EXERCISE DETAILS:
Reproduce word for word the lines of the listing from the first one through the one with "If you enjoy", omitting every picture.

DATA EXCERPT:
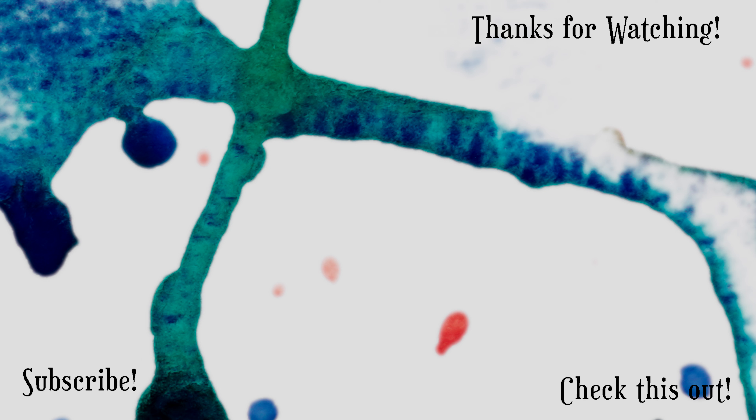Thank you so much for watching, and I will see you next time. Bye!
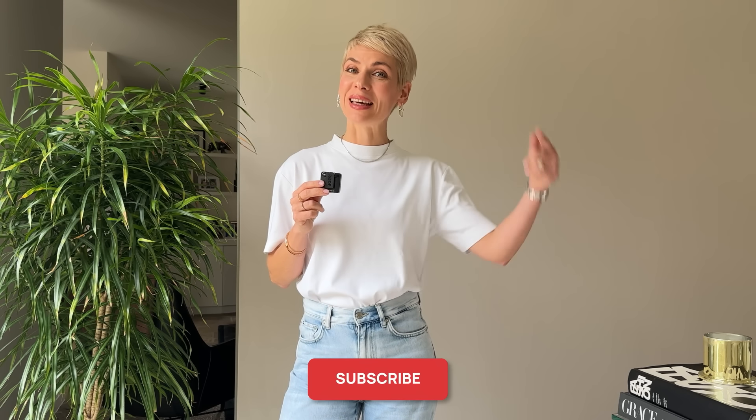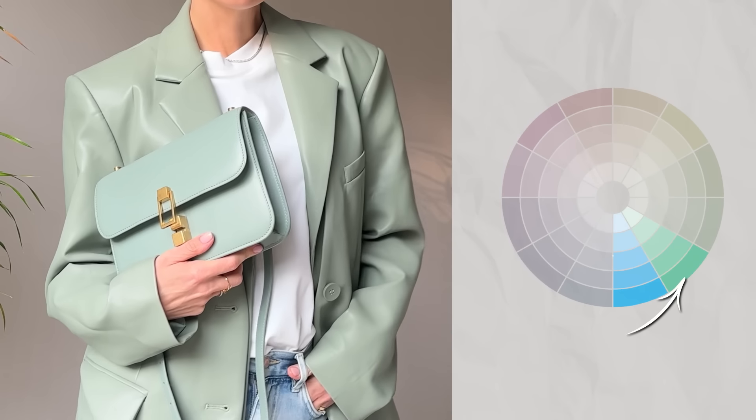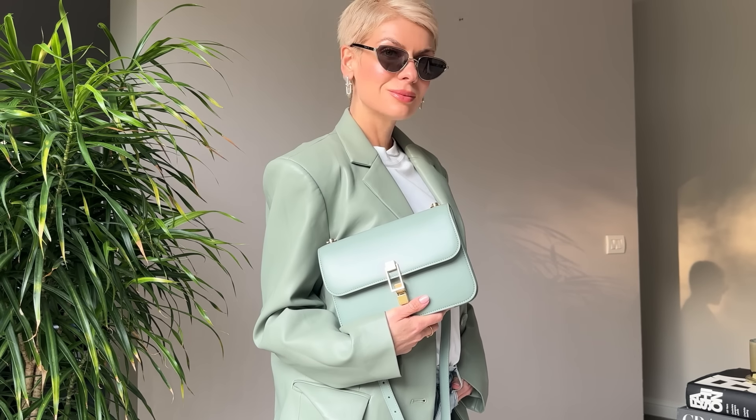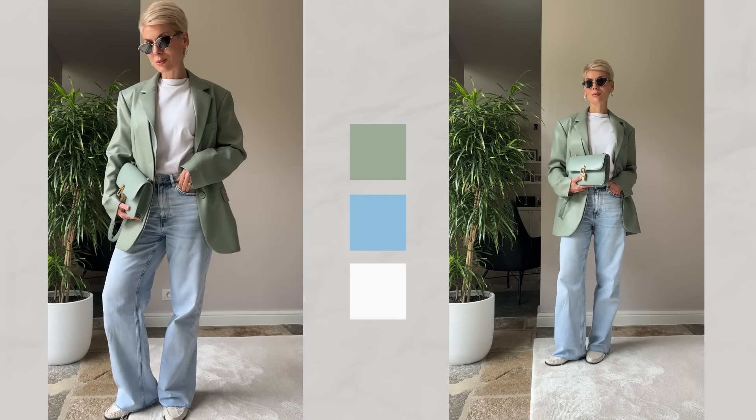If you enjoy watching this video, don't forget to hit the button and subscribe — there's a new video every single week. Also join me on Instagram for more outfit ideas and professional styling hacks daily. The beauty of this method is that you can follow rainbow color combos in both directions. Going one color up gets me to green, which is next to blue. Mixing these two colors gives another gorgeous combo — complement it with a matching color bag and neutral loafers.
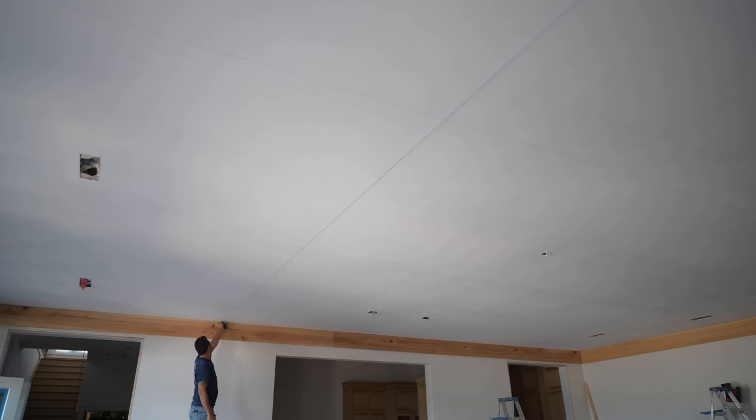Here we're chalking lines - it's actually a pretty cool shot where the dust floats away. I like chalking both lines even though you only need to follow one when you install, because you really get to feel the room and visualize the layout. It makes sure everything is laid out properly, and you're definitely not going to be on the wrong side of the line.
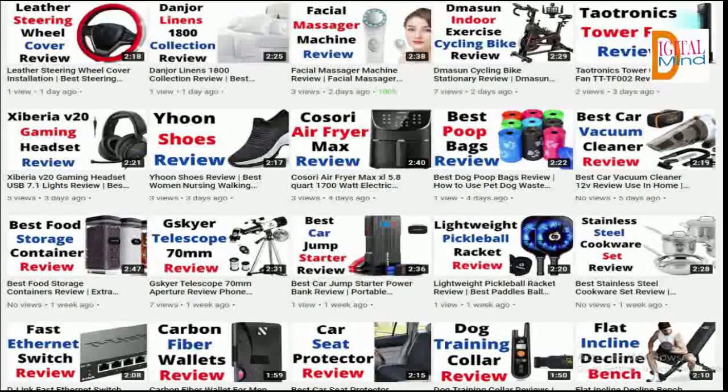Hello. Welcome to the Digital Mind blog. In this video, I am going to review the Home Hero Stainless Steel Kitchen Utensil Set 29 Cooking Utensils.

RESPONSE FOR THIS EXERCISE:
Thank you so much for watching, and I will see you next time. Bye!
If you enjoy watching this video, don't forget to hit the button and subscribe — there's a new video every single week. Also join me on Instagram for more outfit ideas and professional styling hacks daily. The beauty of this method is that you can follow rainbow color combos in both directions. Going one color up gets me to green, which is next to blue. Mixing these two colors gives another gorgeous combo — complement it with a matching color bag and neutral loafers.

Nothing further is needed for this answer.